» Exercise instructions: Copy exactly the lines of the records below, and only those lines, beginning with the line that contains "The A6 Sportback" and ending with the line that contains "Lots of course".

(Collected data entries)
◆ ◆ ◆
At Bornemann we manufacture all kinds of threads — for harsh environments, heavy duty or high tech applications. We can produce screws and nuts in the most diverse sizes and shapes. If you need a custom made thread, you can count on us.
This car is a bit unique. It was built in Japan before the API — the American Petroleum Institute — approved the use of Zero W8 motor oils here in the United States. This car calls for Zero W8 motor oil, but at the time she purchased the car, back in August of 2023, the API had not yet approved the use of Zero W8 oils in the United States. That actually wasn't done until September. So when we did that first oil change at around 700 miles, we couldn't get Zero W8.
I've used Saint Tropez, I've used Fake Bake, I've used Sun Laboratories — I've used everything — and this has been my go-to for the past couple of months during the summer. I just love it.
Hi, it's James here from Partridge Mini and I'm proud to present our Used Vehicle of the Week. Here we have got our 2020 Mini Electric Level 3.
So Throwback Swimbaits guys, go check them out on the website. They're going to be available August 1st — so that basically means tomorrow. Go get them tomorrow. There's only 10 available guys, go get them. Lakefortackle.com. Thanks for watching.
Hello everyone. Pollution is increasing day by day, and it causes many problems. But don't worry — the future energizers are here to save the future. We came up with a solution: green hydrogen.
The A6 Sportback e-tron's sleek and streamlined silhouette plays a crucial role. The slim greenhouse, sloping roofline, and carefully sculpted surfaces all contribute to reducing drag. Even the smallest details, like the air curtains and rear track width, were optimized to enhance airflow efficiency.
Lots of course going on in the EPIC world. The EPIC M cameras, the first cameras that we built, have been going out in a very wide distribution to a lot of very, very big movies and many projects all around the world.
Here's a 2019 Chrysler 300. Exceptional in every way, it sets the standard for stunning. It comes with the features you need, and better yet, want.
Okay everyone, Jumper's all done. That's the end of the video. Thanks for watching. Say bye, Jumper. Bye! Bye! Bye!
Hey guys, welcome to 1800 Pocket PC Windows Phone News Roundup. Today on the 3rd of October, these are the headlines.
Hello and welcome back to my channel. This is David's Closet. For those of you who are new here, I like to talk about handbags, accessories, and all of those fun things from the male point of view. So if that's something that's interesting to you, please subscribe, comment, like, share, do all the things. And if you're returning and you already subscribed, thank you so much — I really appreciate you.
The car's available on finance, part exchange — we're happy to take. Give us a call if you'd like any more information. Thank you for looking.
◆ ◆ ◆
» Written solution:
The A6 Sportback e-tron's sleek and streamlined silhouette plays a crucial role. The slim greenhouse, sloping roofline, and carefully sculpted surfaces all contribute to reducing drag. Even the smallest details, like the air curtains and rear track width, were optimized to enhance airflow efficiency.
Lots of course going on in the EPIC world. The EPIC M cameras, the first cameras that we built, have been going out in a very wide distribution to a lot of very, very big movies and many projects all around the world.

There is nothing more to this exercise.